I created a design for a very simple database, for the next project. Well it is a database if you really stretch the definition of a database. Data can be added and queried, but it cannot be modified. This might seem like a very idiotic limitation, but I see it as precision engineering — removing (u)necessary features. So what is the purpose of this restrictive database? Storing counts for items. Possibly millions of items. While using just a single mebibyte. Okay, maybe a few bits over a mebibyte.
You’ll see why modifying counts is not really necessary (and perhaps, even a little disingenuous), once the project is up and running. And as for why should the size of the database be limited to a mebibyte? Well, why not? It makes the project a whole lot more interesting.
Sketches
Okay, a few things first. The only way I am getting this database down to a mebibyte is by using a sketch of the data instead of dealing with the actual data. This makes things a lot easier, but will cost precision. So much for precision engineering. Anyway, I am also pretty sure the data will have a highly skewed Zipfian distribution. So a count-min sketch should do fine. Hopefully this priori holds, otherwise the precision will be abysmal.
I am also pretty sure that the count will easily exceed billions for the heavy hitters, so 32-bit counters won’t do, but 64-bits should be plenty enough. Now a count-min sketch guarantees that the estimate will exceed by ε|A| with probability at most δ — where |A| is the L1 norm of the stream — for a sketch with width w = e/ε and depth d = ln(1/δ). That is, for a sketch with depth ln(1/δ) and width e/ε, the error will remain bounded by ε times the size of the input stream with a probability at least 1 - δ.
A count-min sketch of dimensions 32768 x 4 with 64-bit counters will use 32768 * 4 * 8 bytes — exactly a mebibyte. With d = 4, the probability of NOT overestimating the count by ε|A| is about 98%. Nice. However, ε|A| itself is huge as the norm of A is likely in the billions. But the input data stream is likely to follow a Zipfian distribution. Then the space required scales a bit differently — O(ε^(-1/z) * ln(1/δ)) — where z is the Zipf distribution parameter. Rearranging in terms of ε, the error scales by w^(-z) instead of e/w. So, even at z ≈ 2, the error bound decreases from a million to less than ten. Beautiful.
Now, multiplicity estimation uses exactly one mebibyte. Goal achieved. But as mentioned earlier, the database is slightly over a mebibyte. A few extra bits are reserved for some nice-to-haves — 2048B for cardinality estimation, 2048B for rank estimation and another 2048B to store the top 16 elements.
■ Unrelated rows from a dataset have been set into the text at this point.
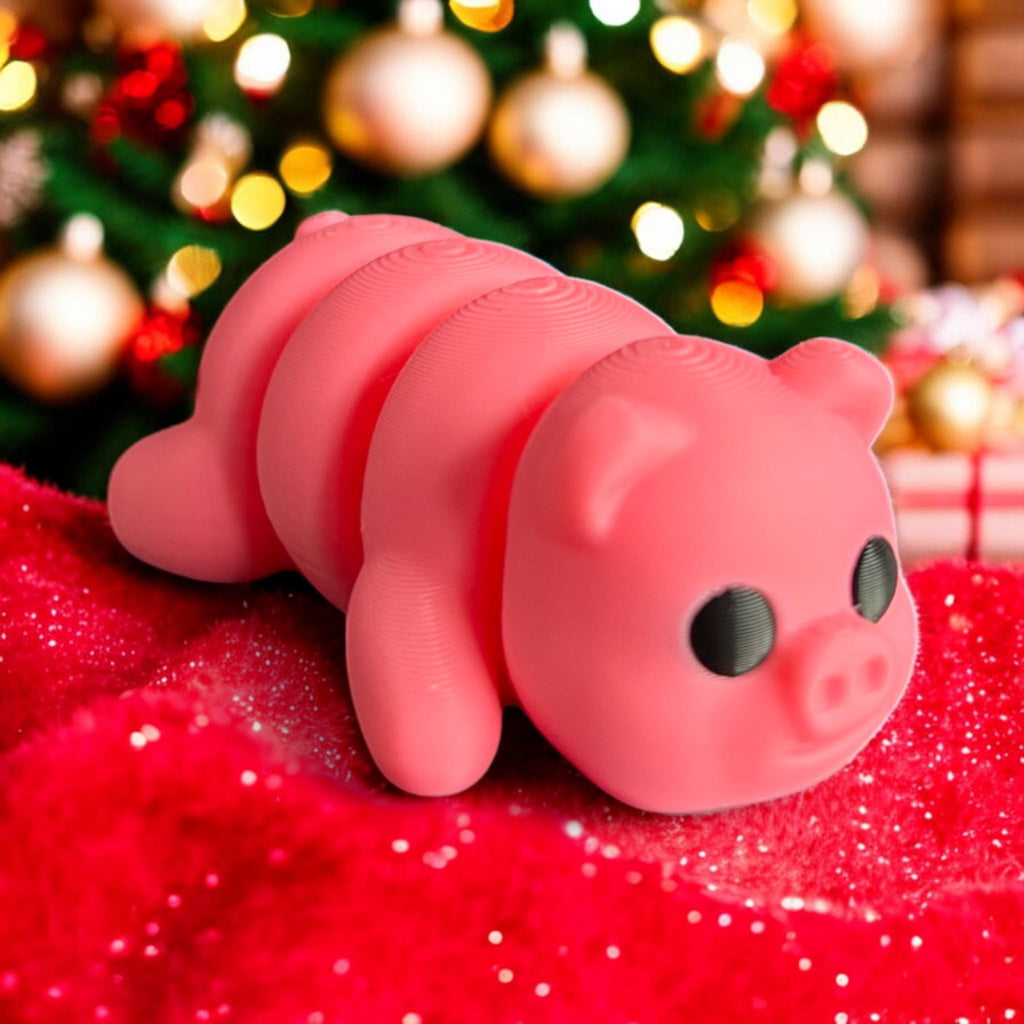 A cute 3D printed pink articulated baby pig posed on a red festive blanket, set against a Christmas tree with glowing lights and ornaments. The pig&#39;s adorable face and big black eyes add charm to the holiday setting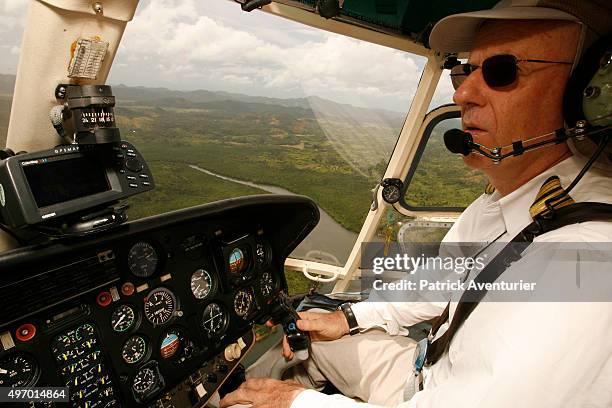 Jacques Branellec piloting a helicopter on his way to inspect one of his company's pearl farms in Palawan, 500km from Manila, where he lives. Jacques...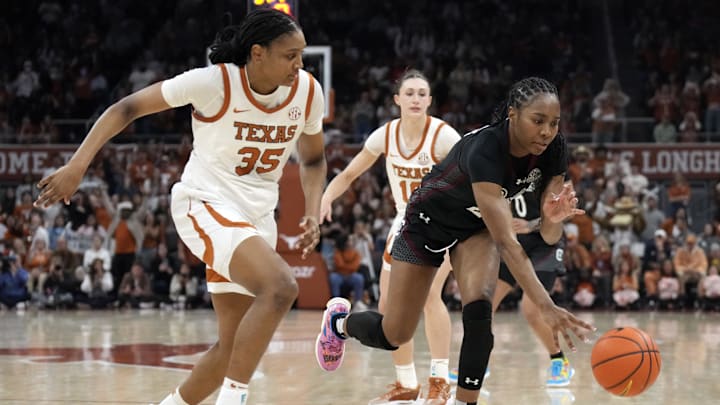 Feb 9, 2025; Austin, Texas, USA; South Carolina Gamecocks guard Bree Hall (23) battles for the ball with Texas Longhorns forward Madison Booker (35) during the second half at Moody Center. Mandatory Credit: Scott Wachter-Imagn Images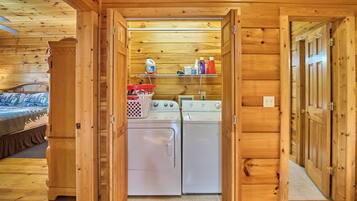 A compact laundry area with two washing machines, a shelf with cleaning supplies, and a bed with a patterned bedspread.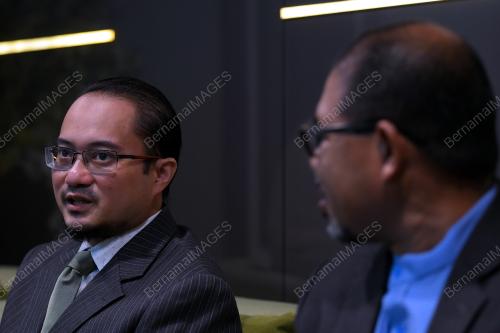 MUSTAKIM MOHAMAD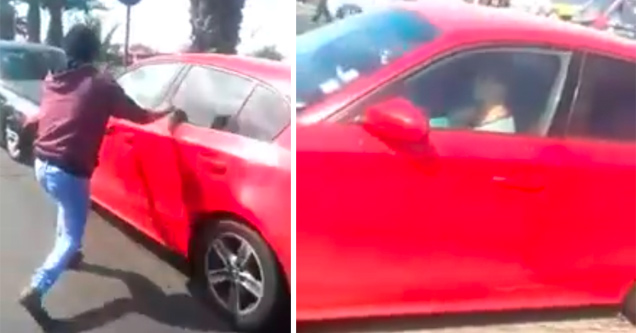 person chasing a red car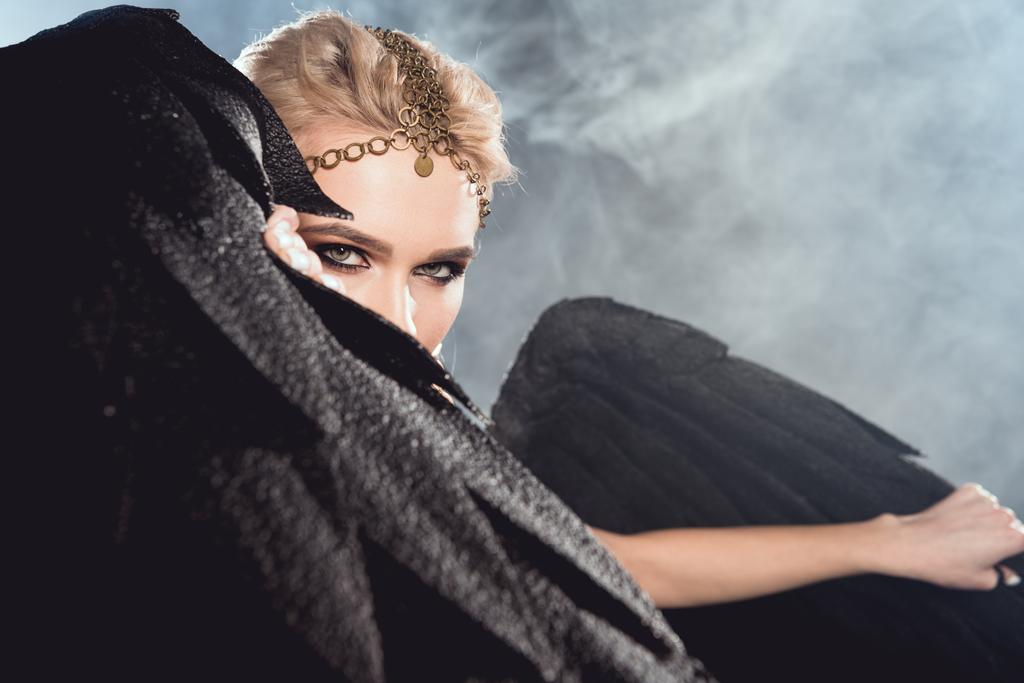 красивая сексуальная женщина в золотых аксессуарах держа крылья черного ангела и позируя на темном фоне
 - Фото, изображение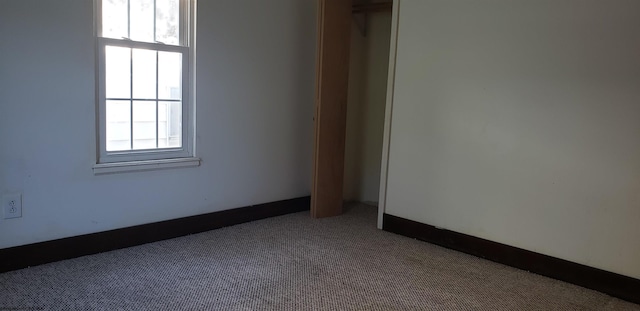 carpeted empty room featuring plenty of natural light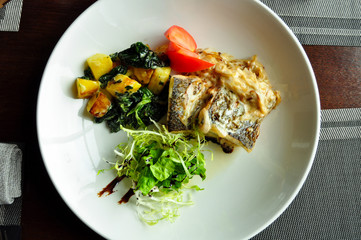 Baked fish in a creamy sauce with baked potatoes, tomatoes and fresh herbs on a white plate. Top view.
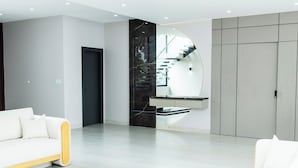 A modern living room with a white sofa, a round mirror, and a staircase with a glass railing. - La Vie Es Belle Beach House (Santa Eleana)
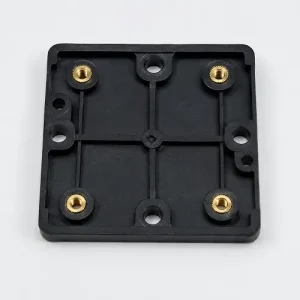 Injection molded plastic base with brass heat set inserts for secure screw fastening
The cardinality estimation is done via HyperLogLog with 97.7% accuracy. The top items are stored on a min-heap, using the count-min sketch and principles from Misra–Gries summaries for selection of elements. I am estimating ranks using a custom data structure loosely based on t-digest. Elements are selected at random, and their multiplicities are sorted and stored to create a simple distribution sketch. The rank is then calculated using cardinality estimates from HyperLogLog and by interpolating between the values from the distribution sketch. I am not good at math to prove guarantees for error bounds, but I will try tweaking it to get at least 98% accuracy.
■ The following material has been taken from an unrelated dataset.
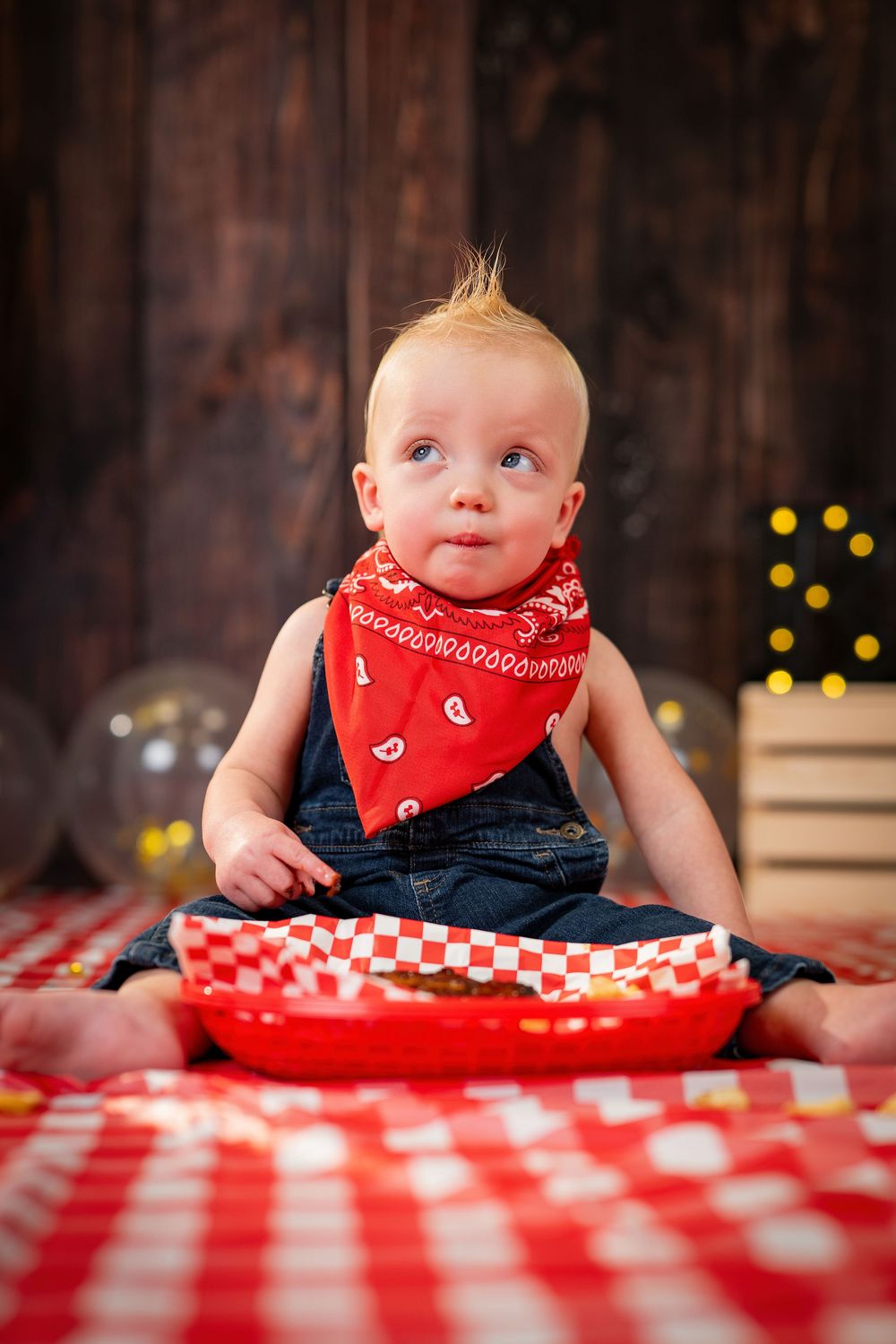 Baby in red bandana sits at table with red and white checkered tablecloth and glowing lights in background.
This brings the total size of the ‘database’ to 1054720 bytes — 1.01MB. Sweet. Can I add more features? Yes. Will feature creep set in? Very likely. So no features. It is not because I am lazy. I am very much not. Really.
Now, is it a real database? Well the transactions are atomic and consistent, and there is (complete) isolation and and durability. So perhaps? I don’t know, you decide. Either way, cya next week — hopefully by then, I will have actually built it.